[Intel-gfx] [PATCH 1/1] drm/i915/guc: Delay disabling guc_id scheduling for better hysteresis

Tue Sep 20 14:33:09 UTC 2022

On 16/09/2022 16:36, Ceraolo Spurio, Daniele wrote:
> 
> 
> On 9/16/2022 1:58 AM, Tvrtko Ursulin wrote:
>>
>> On 16/09/2022 08:53, Teres Alexis, Alan Previn wrote:

[snip]

>>>>
>>>>> +    /*
>>>>> +     * If the context gets closed while the execbuf is ongoing, 
>>>>> the context
>>>>> +     * close code will race with the below code to cancel the 
>>>>> delayed work.
>>>>> +     * If the context close wins the race and cancels the work, it 
>>>>> will
>>>>> +     * immediately call the sched disable (see guc_context_close), 
>>>>> so there
>>>>> +     * is a chance we can get past this check while the 
>>>>> sched_disable code
>>>>> +     * is being executed. To make sure that code completes before 
>>>>> we check
>>>>> +     * the status further down, we wait for the close process to 
>>>>> complete.
>>>>> +     */
>>>>> +    if (cancel_delayed_work_sync(&ce->guc_state.sched_disable_delay))
>>>>> +        intel_context_sched_disable_unpin(ce);
>>>>> +    else if (intel_context_is_closed(ce))
>>>>> +        wait_for(context_close_done(ce), 1);
>>>>
>>>> Comment makes it sounds important to handle the race, althought it
>>>> doesn't really explain the consequences. But most importantly, what if
>>>> close doesn't complete in 1ms?
>>>
>>> will add the consequence (i believe the consequence is that we could 
>>> prematurely
>>> read context flags bit indicating its gucid is still registered and 
>>> after skipping
>>> re-registration, find that context gets closed and guc-id freed).
>>>
>>> Yes the 1 second is arbitrary and unnervingly short.
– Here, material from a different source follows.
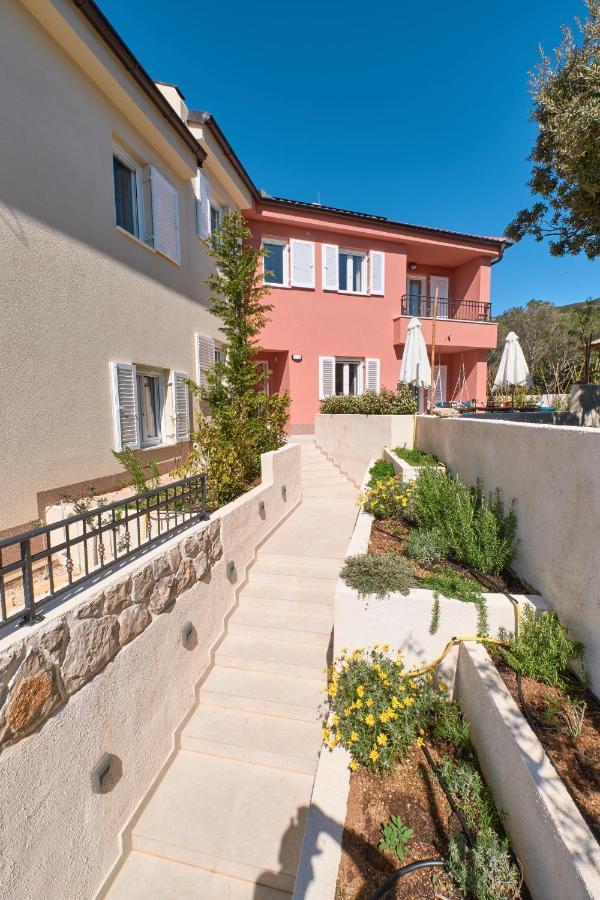 Villa Meacres Sun Miholascica Exterior foto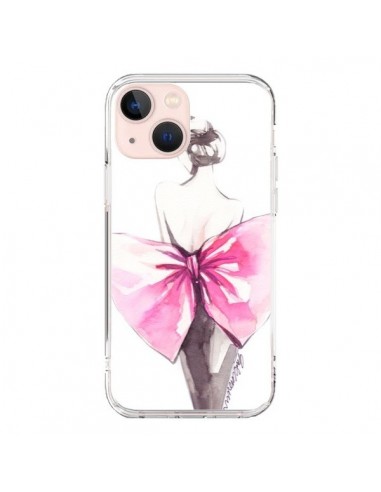 Coque iPhone 13 Mini Elegance - Elisaveta Stoilova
Just spent 
>>> sometime trying to
>>
>> One millisecond even. :)
> 
> Normally 1ms is not a slow time for this. We can only hit the wait if 
> the context_close call has already called the cancel_delayed_work, so 
> the only thing left to do in that function is to send the H2G, which is 
> relatively fast. However, I've just realized that if the H2G buffer is 
> full the H2G will stall, so in that case it can take longer (maximum 
> stall time before a hang is declared is 1.5s).
> 
>>
>> What would be the consequence of prematurely reading the still 
>> registered context flag? Execbuf fails? GuC hangs? Kernel crashes? 
>> Something else?
> 
> i915 thinks that a request pending with the GuC, while GuC thinks we 
> disabled it (because the completion of the delayed_disable happens after 
> the new request has been submitted). The heartbeat will still go 
> through, so no reset will be triggered, the request is just lost. A new 
> request submission on the same context should be able to recover it, but 
> we didn't test that.
> 
> 
>>
>> And why cant' this race with context close happen at any other point 
>> than this particular spot in guc_request_alloc? Immediately after the 
>> added checks? After atomic_add_unless?
> 
> The race is tied to the canceling of the delayed work. context_close 
> only does something if it cancels the delayed work, so if the 
> cancel_delayed_work_sync here does the cancelling then context_close is 
> a no-op.

It's a bit involved* to follow so I'll give up and declare a "whatever" if that's okay with you.

*)
intel_context_close
   set_bit(CONTEXT_CLOSED_BIT, &ce->flags)
   ->guc_context_close
	if (test_bit(CONTEXT_GUC_INIT, &ce->flags) &&
	    cancel_delayed_work(&ce->guc_state.sched_disable_delay))
		__delay_sched_disable(&ce->guc_state.sched_disable_delay.work);
		  ((which is:
			spin_lock_irqsave(&ce->guc_state.lock, flags);
			..stuff..
			unlock
		  ))

	spin_lock_irqsave(&ce->guc_state.lock, flags);
	set_context_close_done(ce);
	spin_unlock_irqrestore(&ce->guc_state.lock, flags);

Takes and releases the same lock two times so I have no idea why twice, and less so whether it is safe and race free.

Regards,

Tvrtko